Introduce concept of a database `route`, separate from its name #1668

simonw · 2022-03-19T16:48:28Z

Some issues came up in the new datasette-hashed-urls plugin relating to the way it renames databases on startup to achieve unique URLs that depend on the database SHA-256 content:

Renaming the database names makes crossdb queries very brittle datasette-hashed-urls#10
On database page, have the database name without the -HASH suffix datasette-hashed-urls#9
Restore behavior where the link text is the unhashed db names datasette-hashed-urls#8

All three of these could be addressed by making the "path" concept for a database (the /foo bit where it is served) work independently of the database's name, which would be used for default display and also as the alias when configuring cross-database aliases.

The text was updated successfully, but these errors were encountered:

simonw · 2022-03-19T16:54:26Z

The Database class already has a path property but it means something else - it's the path to the .db file on disk:

datasette/datasette/database.py

Lines 29 to 50 in 6141938

    
           class Database: 
        
               def __init__( 
        
                   self, ds, path=None, is_mutable=False, is_memory=False, memory_name=None 
        
               ): 
        
                   self.name = None 
        
                   self.ds = ds 
        
                   self.path = path 
        
                   self.is_mutable = is_mutable 
        
                   self.is_memory = is_memory 
        
                   self.memory_name = memory_name 
        
                   if memory_name is not None: 
        
                       self.is_memory = True 
        
                       self.is_mutable = True 
        
                   self.hash = None 
        
                   self.cached_size = None 
        
                   self._cached_table_counts = None 
        
                   self._write_thread = None 
        
                   self._write_queue = None 
        
                   if not self.is_mutable and not self.is_memory: 
        
                       p = Path(path) 
        
                       self.hash = inspect_hash(p) 
        
                       self.cached_size = p.stat().st_size

So need a different name for the path-that-is-used-in-the-URL.

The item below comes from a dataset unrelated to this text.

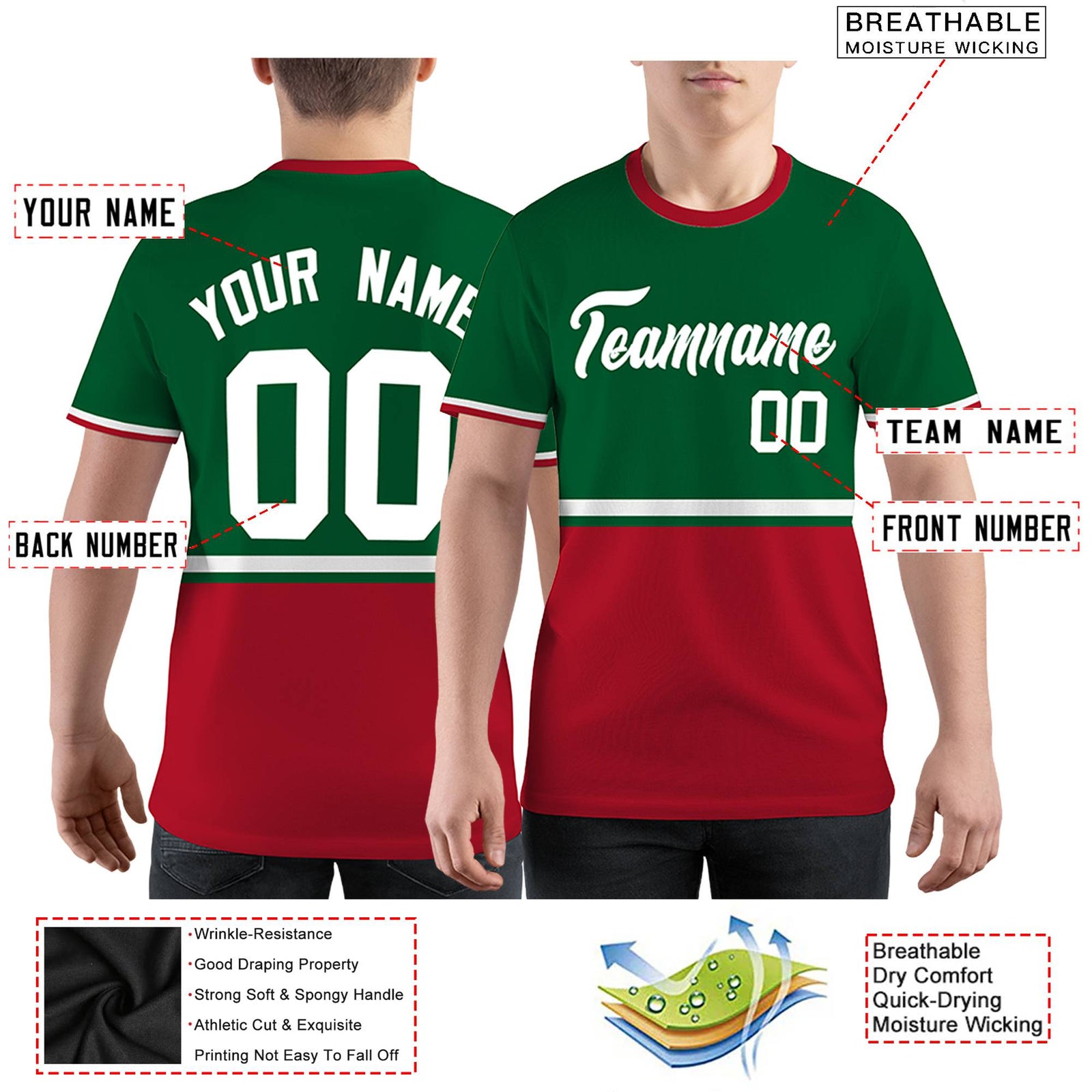 Custom Kelly Green Red-White Color Block Design Performance T-Shirt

simonw · 2022-03-19T16:54:55Z

Options:

route_path
url_path
route

I like route_path, or maybe route.

simonw · 2022-03-19T16:56:19Z

Worth noting that the name right now is picked automatically to avoid conflicts:

datasette/datasette/app.py

Lines 397 to 413 in 6141938

    
           def add_database(self, db, name=None): 
        
               new_databases = self.databases.copy() 
        
               if name is None: 
        
                   # Pick a unique name for this database 
        
                   suggestion = db.suggest_name() 
        
                   name = suggestion 
        
               else: 
        
                   suggestion = name 
        
               i = 2 
        
               while name in self.databases: 
        
                   name = "{}_{}".format(suggestion, i) 
        
                   i += 1 
        
               db.name = name 
        
               new_databases[name] = db 
        
               # don't mutate! that causes race conditions with live import 
        
               self.databases = new_databases 
        
               return db

simonw · 2022-03-19T20:06:07Z

Implementing this is a little tricky because there's a whole lot of code that expects the database captured by the URL routing to be the name used to look up the database in datasette.databases - or via .get_database().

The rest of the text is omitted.